# Lost In Translation



## Smurfenstein (Nov 16, 2011)

Ru5ty said:


> alright so i got my cruze and i bought it in quebec " french land", and when i use the hands free button the computer prompts me in french, ive changed the language to english threw the config menu but she still speaks french! how do i get that sexy computerized voice to talk to me in english??????


Take it to your dealer, have them re-program the computer. The language setting on your car only applies to the words that pop up on your stereo, but since your car was manufactured to be sold in a French speaking area, the rest of the car is hard wired to be French.

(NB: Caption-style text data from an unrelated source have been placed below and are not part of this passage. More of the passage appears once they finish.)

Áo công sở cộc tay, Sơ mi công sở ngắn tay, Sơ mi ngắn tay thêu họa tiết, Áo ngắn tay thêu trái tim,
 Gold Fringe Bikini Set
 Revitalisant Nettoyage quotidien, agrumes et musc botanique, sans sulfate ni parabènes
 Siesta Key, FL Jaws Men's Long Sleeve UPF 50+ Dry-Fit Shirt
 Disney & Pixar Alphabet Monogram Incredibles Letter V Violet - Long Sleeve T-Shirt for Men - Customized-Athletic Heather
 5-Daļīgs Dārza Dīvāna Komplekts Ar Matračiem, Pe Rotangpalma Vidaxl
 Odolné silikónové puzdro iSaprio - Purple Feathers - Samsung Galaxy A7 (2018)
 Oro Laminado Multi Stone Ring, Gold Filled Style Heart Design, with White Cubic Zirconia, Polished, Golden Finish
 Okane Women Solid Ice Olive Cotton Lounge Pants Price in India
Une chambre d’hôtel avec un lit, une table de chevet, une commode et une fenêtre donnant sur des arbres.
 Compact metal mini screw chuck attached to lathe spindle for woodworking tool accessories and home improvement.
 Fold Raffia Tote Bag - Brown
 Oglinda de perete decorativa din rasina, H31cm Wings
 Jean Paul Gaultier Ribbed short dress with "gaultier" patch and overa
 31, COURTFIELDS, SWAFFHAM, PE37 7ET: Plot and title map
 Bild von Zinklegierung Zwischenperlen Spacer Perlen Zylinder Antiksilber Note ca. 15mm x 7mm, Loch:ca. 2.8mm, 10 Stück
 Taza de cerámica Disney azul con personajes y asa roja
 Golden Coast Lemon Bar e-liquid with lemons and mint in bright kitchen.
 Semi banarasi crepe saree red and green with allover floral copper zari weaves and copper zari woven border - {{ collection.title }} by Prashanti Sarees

As a side note, did you recently move to Quebec, or simply don't want your car to speak in French? Because from what I've learned in my three years of high school French, is that Quebec-ians love French, and prefer to be seen as French, instead of Canadian.


----------



## Ru5ty (Jun 20, 2012)

i was born and raised in british columbia canada so im an anglophone , im in the canadain forces posted to a french military base, i would prefer my car to be all english


----------



## sciphi (Aug 26, 2011)

Your dealer should be able to tell the computer to change the language for good. I'm assuming the car's going with you to the next base, so re-selling it in Quebec would be a non-issue.


----------



## Ru5ty (Jun 20, 2012)

yes, it was re programmed by the dealer, it has to do with on star . he pushed the on star button and went through the settings to change it to french by voice command, why didn't i think of that !


----------



## Sunline Fan (Jul 29, 2012)

haha I'd think some would consider a sexy french voice talking over the speakers as an upgrade!


----------